#### Listed entries

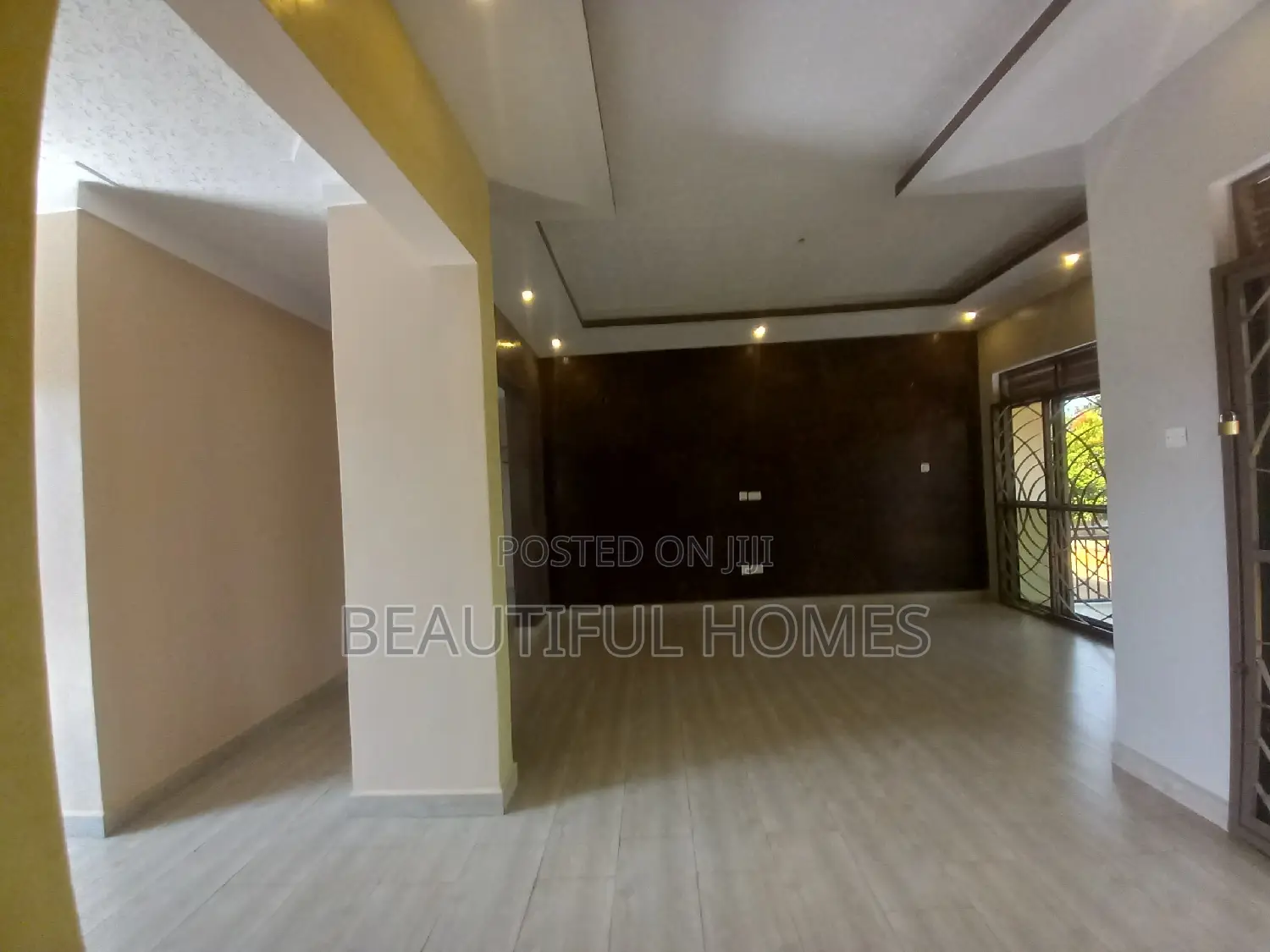 Furnished 4bdrm House in Kira for sale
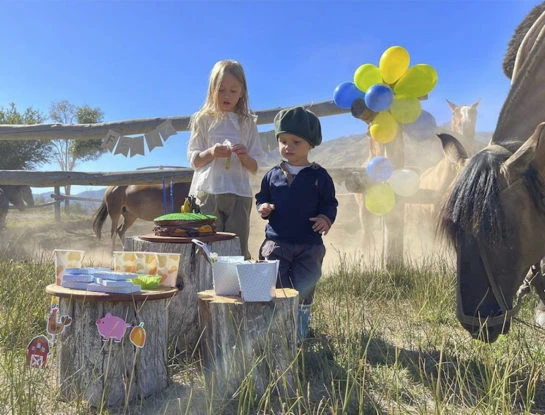 Así fue el cumpleaños campestre de Viggo, el hijo de Zaira Nara: festejó dos años entre caballos y look gauchesco con boina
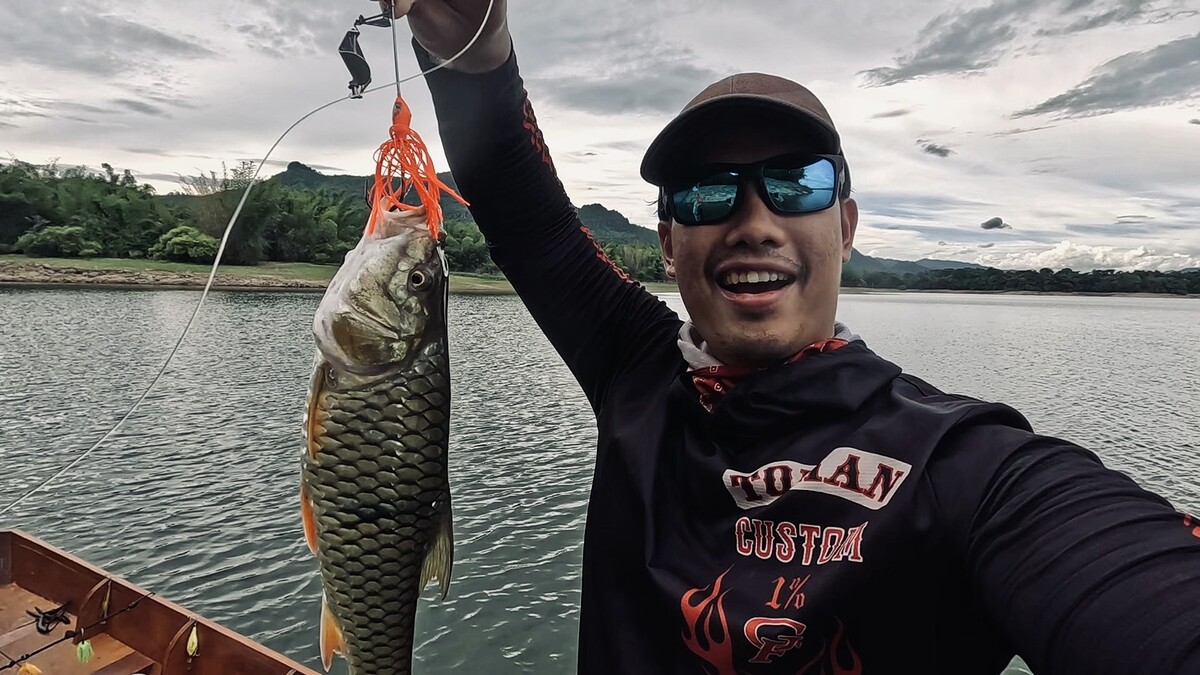 แต่แล้วเมื่อมาถึงเรือ ลำตัวมันก็สะท้อนเกล็ดสีเงินเงา 
เป็นปลากระสูบอีกตัวที่หลงมากัดบัซเบท 
ปลาตัว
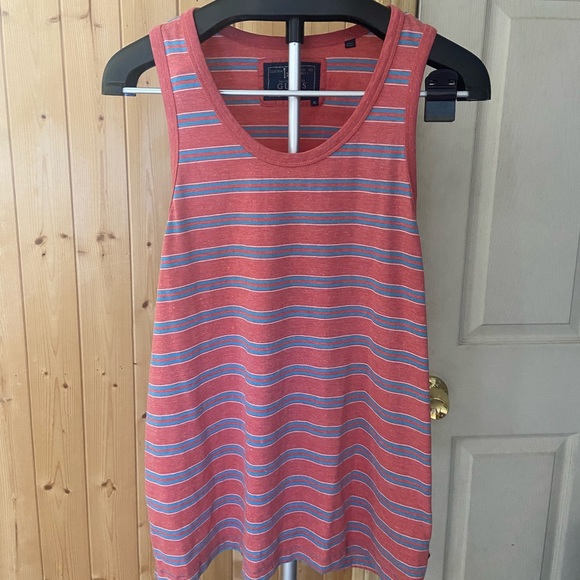 Xl guess tank top - Picture 1 of 2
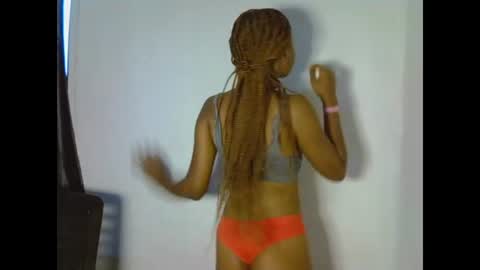 Snapshot of sexy_mi chatting on 4, 8, 2026 annie online show from 4, 8, 2026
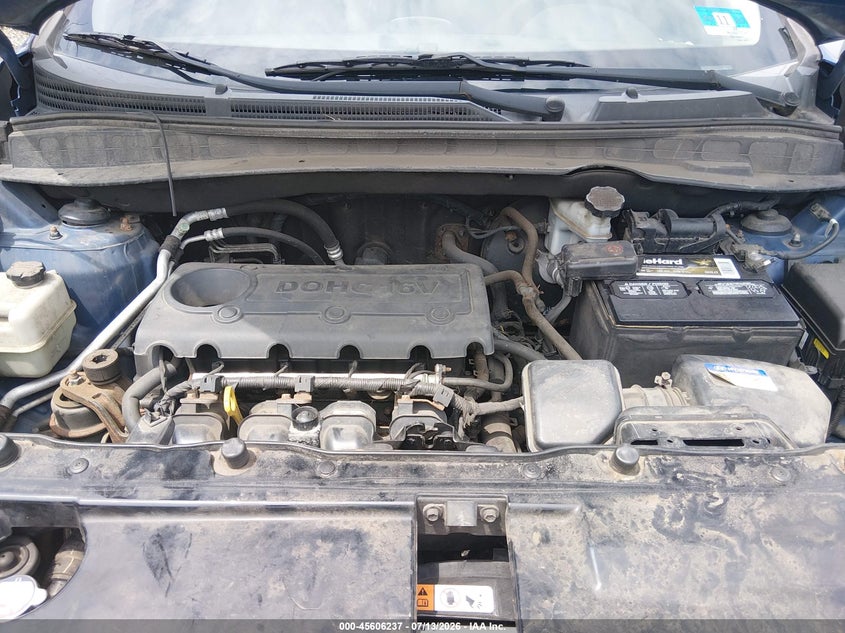 HYUNDAI TUCSON 2011 VIN KM8JUCAC3BU142532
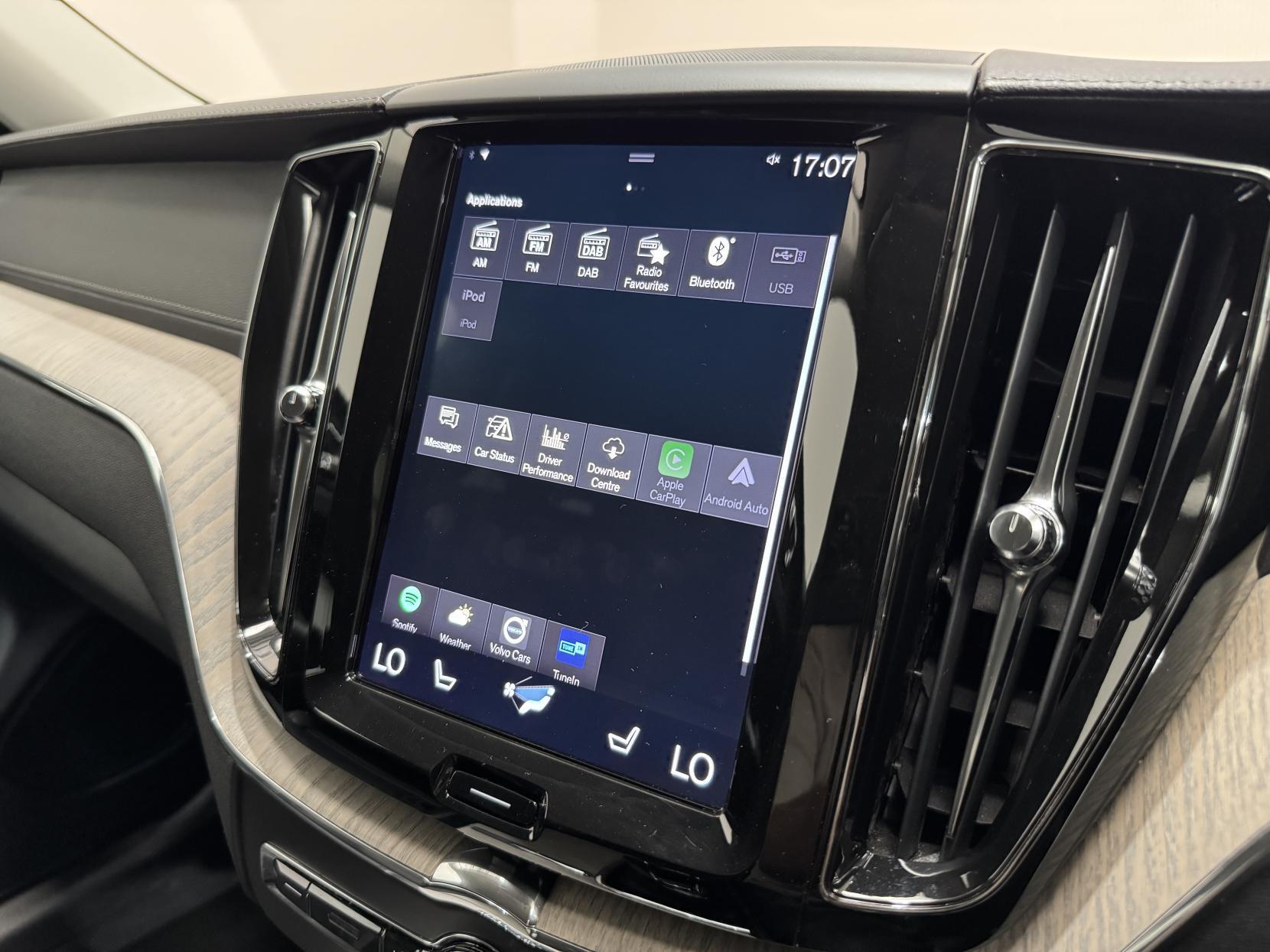 Volvo XC60 view 22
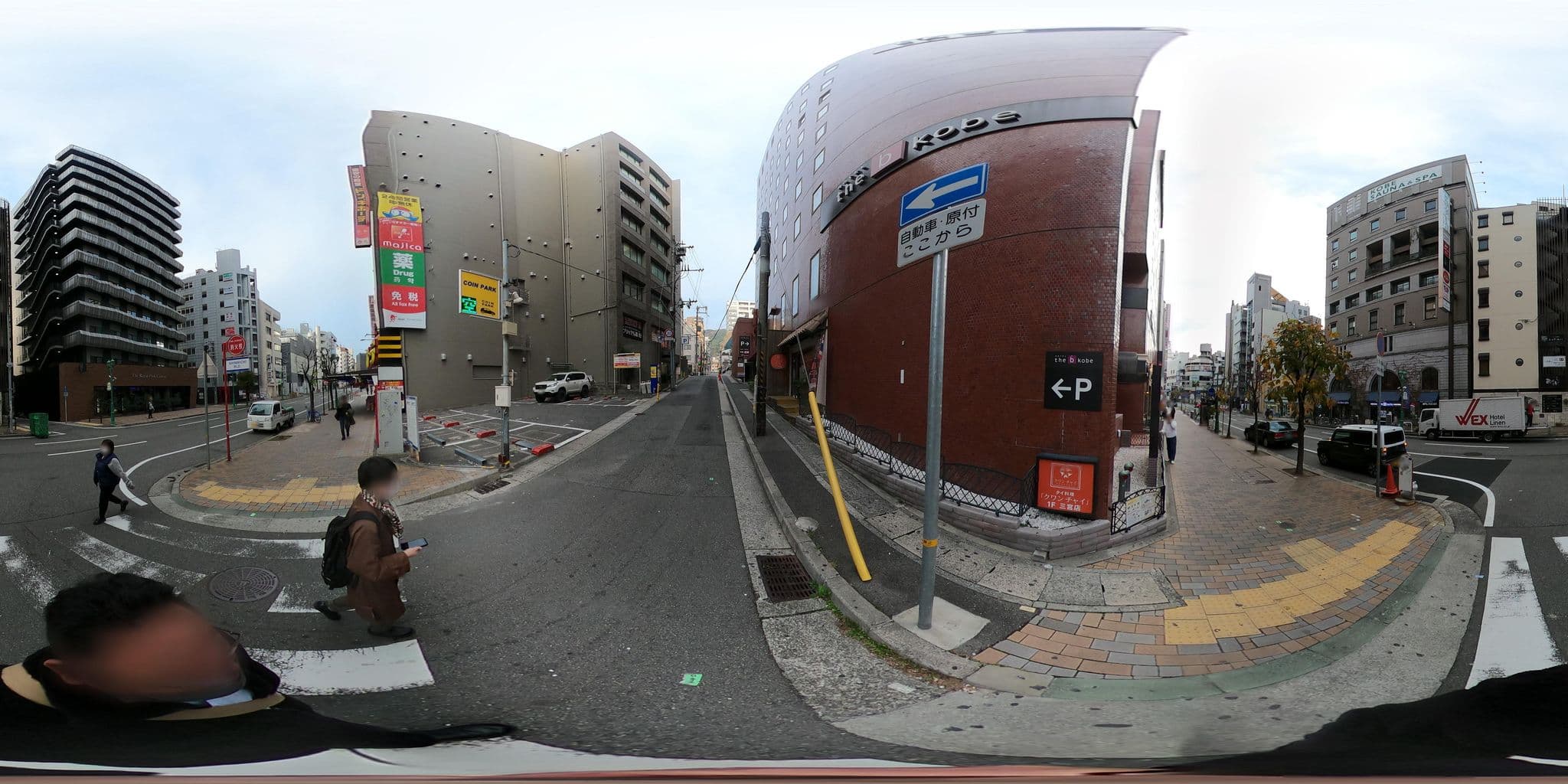 Street view near ザ ロイヤルパーク キャンバス 神戸三宮, Kobe — © loglogy (CC BY-SA · Mapillary)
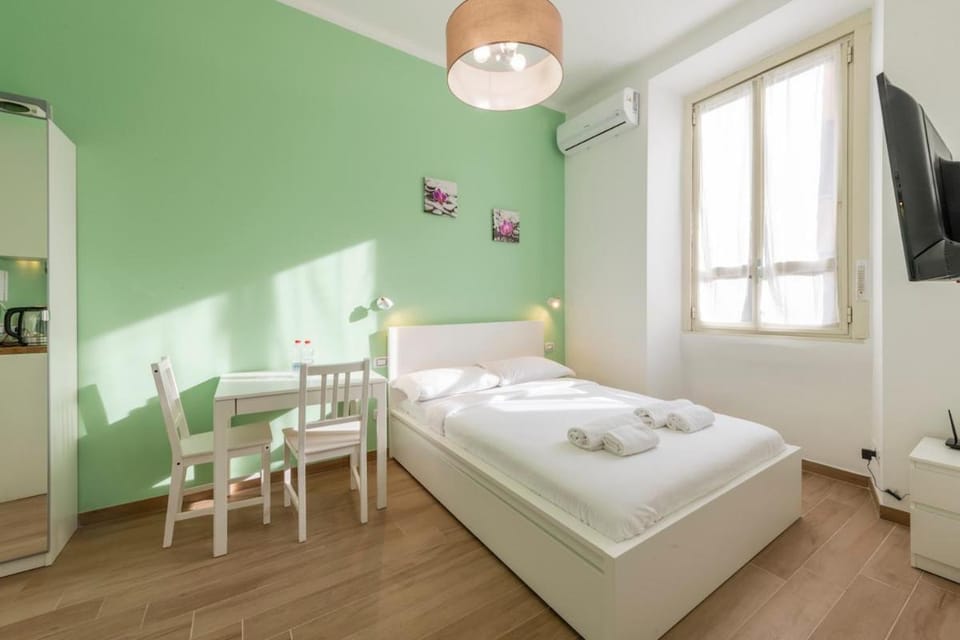 Communal lounge/ TV room, Bed, Photo of the whole room, Bedroom, towels, air conditioner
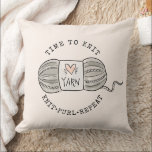 Coussin Time to Knit Blush Pink<br><div class="desc">A cute illustrated,  time to knit themed throw pillow featuring a ball of yarn. The text reads: time to knit and knit purl repeat. A light pastel peach background. A gift for an avid knitter. A unique gift for a knitter or crafters studio.</div>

########

Task to carry out -
Leaving the pictures aside, transcribe only the lines from the one containing "Xl guess tank top - Picture 1 of 2" to the final line of the listing above, inclusive, exactly as they appear.

Task response -
 Xl guess tank top - Picture 1 of 2
 Snapshot of sexy_mi chatting on 4, 8, 2026 annie online show from 4, 8, 2026
 HYUNDAI TUCSON 2011 VIN KM8JUCAC3BU142532
 Volvo XC60 view 22
 Street view near ザ ロイヤルパーク キャンバス 神戸三宮, Kobe — © loglogy (CC BY-SA · Mapillary)
 Communal lounge/ TV room, Bed, Photo of the whole room, Bedroom, towels, air conditioner
 Coussin Time to Knit Blush Pink<br><div class="desc">A cute illustrated,  time to knit themed throw pillow featuring a ball of yarn. The text reads: time to knit and knit purl repeat. A light pastel peach background. A gift for an avid knitter. A unique gift for a knitter or crafters studio.</div>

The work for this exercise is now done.